Lassalle, 58, set out in April and walked an almost uninterrupted route clockwise around France, flying only from Marseille in the south to northern Corsica, and again from Bordeaux in the southwest to Nantes in the northwest.
He said he “needed to get a feeling” for the country, and wrote on his personal blog that he was impressed by peoples’ willingness to speak frankly with him.
“Once they knew what I was doing, I felt a strong sense that they were expressing themselves as a civic duty, choosing their words carefully,” he wrote. “There was a solemnity and a dignity about it, despite everything they had to say.”
Confusion and racism
And what he found was a France confused about its position in a shrinking world, an uncertainty as to the long-term effects of globalisation and a distrust for politicians who, people told him, “do not listen to us at all”.
“We live in a world that is changing out of all recognition,” he told Europe 1. “We [the government] have failed to find ways of explaining to the citizens of this country exactly what this change means.”

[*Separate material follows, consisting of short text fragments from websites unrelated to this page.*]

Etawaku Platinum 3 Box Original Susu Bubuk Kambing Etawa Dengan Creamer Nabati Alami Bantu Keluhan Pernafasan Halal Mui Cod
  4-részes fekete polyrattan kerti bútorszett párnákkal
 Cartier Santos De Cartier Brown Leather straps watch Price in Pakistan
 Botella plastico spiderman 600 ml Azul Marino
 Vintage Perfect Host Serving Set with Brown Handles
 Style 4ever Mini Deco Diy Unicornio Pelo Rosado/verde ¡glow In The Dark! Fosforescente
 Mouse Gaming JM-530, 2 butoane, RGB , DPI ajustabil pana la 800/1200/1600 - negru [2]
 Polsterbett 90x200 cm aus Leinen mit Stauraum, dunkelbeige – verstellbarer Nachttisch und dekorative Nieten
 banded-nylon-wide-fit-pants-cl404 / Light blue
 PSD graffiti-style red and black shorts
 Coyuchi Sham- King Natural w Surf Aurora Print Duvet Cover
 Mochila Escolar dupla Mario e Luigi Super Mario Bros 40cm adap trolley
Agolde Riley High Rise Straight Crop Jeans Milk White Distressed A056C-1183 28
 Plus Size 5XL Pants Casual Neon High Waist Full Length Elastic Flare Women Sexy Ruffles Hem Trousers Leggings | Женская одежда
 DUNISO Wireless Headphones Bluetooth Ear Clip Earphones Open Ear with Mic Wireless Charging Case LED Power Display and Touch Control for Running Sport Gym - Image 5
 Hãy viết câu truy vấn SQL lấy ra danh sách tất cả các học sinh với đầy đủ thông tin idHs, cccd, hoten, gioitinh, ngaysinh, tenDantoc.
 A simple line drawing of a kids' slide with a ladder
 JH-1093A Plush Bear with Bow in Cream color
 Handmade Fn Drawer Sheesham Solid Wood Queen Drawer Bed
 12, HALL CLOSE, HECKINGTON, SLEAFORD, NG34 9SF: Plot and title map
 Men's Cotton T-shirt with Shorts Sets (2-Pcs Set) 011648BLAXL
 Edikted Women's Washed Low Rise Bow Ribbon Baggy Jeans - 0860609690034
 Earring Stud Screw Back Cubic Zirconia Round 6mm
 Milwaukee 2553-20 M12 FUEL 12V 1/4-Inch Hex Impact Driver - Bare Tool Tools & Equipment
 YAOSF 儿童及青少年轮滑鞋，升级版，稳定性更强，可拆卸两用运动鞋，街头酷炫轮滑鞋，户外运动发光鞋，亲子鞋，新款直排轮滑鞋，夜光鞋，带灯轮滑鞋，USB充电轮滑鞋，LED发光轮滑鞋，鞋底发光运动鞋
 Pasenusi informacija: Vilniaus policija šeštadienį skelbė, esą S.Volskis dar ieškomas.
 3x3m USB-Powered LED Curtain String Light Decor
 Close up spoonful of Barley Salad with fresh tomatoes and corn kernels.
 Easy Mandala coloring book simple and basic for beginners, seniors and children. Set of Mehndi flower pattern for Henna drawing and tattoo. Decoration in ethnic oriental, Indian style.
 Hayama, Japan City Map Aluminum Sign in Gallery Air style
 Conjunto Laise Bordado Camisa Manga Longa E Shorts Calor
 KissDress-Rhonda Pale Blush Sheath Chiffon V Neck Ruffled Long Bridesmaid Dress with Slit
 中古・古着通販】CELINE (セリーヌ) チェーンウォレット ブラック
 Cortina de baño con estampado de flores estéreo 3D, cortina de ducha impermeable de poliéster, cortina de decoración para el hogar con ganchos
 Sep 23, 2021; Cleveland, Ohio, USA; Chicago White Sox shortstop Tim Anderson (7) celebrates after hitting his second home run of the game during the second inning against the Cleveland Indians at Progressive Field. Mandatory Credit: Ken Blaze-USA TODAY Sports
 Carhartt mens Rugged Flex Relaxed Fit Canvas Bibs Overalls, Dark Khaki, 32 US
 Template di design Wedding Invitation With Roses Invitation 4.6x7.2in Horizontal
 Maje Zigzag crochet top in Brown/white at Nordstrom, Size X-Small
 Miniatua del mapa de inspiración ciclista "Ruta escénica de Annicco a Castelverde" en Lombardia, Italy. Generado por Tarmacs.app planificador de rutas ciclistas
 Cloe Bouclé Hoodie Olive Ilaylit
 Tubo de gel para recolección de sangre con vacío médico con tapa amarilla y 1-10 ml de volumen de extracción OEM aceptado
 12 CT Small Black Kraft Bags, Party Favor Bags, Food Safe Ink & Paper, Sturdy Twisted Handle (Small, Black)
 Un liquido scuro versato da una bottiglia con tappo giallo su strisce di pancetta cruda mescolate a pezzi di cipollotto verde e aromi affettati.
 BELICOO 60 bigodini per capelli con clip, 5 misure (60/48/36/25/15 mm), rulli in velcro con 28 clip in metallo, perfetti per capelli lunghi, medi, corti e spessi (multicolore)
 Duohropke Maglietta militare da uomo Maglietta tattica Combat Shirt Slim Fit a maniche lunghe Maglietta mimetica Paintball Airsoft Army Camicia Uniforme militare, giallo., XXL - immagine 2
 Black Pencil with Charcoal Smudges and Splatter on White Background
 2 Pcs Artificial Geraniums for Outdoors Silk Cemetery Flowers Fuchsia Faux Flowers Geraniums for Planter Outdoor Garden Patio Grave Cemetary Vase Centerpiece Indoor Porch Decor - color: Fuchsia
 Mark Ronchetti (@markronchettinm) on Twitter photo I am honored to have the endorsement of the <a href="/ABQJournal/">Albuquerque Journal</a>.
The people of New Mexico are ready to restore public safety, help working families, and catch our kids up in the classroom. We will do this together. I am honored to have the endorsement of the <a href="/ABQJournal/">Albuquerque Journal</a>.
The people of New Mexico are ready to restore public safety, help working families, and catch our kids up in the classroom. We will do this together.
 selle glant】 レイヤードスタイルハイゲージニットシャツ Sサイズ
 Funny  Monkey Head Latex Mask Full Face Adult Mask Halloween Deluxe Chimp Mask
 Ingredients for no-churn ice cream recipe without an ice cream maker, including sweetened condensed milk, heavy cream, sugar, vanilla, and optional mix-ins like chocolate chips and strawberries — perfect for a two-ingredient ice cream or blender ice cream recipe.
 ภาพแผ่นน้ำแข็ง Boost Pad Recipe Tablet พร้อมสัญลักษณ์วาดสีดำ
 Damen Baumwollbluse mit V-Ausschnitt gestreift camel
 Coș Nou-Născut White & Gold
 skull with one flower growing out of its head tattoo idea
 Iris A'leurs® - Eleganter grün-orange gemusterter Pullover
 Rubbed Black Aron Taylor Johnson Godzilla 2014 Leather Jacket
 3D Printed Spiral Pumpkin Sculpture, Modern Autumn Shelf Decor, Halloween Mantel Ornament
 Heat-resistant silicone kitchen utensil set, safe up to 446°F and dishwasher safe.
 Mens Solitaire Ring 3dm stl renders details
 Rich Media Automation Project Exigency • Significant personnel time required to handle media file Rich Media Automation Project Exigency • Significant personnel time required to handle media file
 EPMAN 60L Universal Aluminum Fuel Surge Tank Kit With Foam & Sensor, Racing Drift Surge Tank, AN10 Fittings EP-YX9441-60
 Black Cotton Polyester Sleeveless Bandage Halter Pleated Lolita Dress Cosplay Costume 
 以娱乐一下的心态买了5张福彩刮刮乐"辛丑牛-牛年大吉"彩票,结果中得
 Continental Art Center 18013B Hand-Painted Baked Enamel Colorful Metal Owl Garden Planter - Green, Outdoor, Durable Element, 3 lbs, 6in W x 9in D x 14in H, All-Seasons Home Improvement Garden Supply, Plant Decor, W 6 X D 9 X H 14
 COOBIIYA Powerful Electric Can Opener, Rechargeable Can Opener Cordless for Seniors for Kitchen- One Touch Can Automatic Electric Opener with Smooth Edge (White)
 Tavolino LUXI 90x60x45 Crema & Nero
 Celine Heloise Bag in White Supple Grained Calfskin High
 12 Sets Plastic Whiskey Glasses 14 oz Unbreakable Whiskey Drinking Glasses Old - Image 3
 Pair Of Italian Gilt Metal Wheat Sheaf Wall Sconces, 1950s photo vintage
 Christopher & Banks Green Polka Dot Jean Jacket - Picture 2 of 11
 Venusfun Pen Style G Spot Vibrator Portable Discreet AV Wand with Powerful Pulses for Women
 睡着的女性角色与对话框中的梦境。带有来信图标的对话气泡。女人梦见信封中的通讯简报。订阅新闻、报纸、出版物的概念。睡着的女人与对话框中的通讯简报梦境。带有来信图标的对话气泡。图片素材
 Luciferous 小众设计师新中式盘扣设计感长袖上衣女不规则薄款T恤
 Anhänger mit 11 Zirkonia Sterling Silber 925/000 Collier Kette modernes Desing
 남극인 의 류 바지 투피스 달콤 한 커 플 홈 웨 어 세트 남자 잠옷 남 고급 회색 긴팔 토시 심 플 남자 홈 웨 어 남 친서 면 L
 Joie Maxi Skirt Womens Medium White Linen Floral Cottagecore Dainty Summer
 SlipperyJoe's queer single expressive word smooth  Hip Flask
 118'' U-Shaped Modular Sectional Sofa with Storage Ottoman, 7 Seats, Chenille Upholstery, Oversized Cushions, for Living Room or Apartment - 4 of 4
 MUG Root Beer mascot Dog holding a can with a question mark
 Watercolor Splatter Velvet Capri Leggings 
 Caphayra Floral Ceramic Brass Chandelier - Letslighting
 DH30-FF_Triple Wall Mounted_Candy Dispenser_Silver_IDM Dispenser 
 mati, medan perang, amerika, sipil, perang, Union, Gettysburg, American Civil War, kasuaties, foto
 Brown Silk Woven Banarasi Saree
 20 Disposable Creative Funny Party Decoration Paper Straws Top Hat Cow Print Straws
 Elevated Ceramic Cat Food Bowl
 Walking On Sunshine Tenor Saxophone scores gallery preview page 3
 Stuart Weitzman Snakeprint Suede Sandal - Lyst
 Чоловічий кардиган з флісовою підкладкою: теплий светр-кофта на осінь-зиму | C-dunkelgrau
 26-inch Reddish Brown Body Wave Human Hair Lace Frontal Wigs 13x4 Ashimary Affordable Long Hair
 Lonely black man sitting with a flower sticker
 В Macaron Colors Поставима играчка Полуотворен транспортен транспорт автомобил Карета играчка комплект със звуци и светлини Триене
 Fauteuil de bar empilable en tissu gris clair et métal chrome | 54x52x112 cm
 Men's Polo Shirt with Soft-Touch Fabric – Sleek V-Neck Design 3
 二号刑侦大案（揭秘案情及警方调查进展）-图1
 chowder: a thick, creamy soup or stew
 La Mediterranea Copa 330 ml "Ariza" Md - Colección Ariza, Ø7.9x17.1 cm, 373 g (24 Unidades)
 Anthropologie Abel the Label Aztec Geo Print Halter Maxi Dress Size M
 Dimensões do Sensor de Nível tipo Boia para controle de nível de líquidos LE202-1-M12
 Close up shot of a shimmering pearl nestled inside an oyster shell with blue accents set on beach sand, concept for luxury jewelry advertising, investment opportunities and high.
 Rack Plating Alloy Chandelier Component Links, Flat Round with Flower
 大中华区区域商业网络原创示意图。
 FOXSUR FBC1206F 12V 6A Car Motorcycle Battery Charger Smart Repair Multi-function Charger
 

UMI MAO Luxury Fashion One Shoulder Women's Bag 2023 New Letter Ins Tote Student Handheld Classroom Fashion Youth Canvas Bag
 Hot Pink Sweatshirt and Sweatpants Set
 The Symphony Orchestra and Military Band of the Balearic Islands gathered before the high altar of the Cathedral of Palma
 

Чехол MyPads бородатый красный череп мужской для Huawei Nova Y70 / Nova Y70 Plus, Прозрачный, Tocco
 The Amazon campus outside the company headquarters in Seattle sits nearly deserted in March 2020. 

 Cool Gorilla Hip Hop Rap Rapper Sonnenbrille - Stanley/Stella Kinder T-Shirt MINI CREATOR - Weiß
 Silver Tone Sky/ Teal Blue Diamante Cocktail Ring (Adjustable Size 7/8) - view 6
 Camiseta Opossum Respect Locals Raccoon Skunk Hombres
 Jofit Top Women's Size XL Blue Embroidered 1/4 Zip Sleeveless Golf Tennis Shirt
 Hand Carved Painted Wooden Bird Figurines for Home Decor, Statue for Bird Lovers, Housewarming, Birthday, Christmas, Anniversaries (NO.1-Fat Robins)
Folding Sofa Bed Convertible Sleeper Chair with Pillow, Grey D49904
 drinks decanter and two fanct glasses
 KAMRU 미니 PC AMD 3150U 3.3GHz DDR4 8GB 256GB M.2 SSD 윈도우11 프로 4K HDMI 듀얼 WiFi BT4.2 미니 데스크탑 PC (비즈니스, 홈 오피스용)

Worryingly, he also encountered “latent racism” almost everywhere, “even in the smallest villages”.
“This is racism that seems totally unashamed,” he told Le Monde on Friday. “It is a wholescale rejection of ‘the other’ and often expressed with excessive aggression.”
Lassalle told Le Monde that he was particularly worried about a return of “anti-Semitic rhetoric” that was particularly “linked to wealth”.
On Saturday, Lassalle will walk his final steps, from Place de la Concorde over the River Seine to the National Assembly building in central Paris.
Hundreds of people he met on his walk are expected to accompany him, and to enter the assembly to start a two-day debate on France’s future.
“I will then prepare a parliamentary report on what I learned on my walk, which I will submit to the president at the end of February,” he wrote in his blog. “Meeting people around the country was a deliberate act as an elected member of France’s parliament, as a resistant [to changes that have eclipsed the lives of ordinary people], and a bid to raise awareness of the issues faced by our citizens.
“Things cannot stay the way they are now.”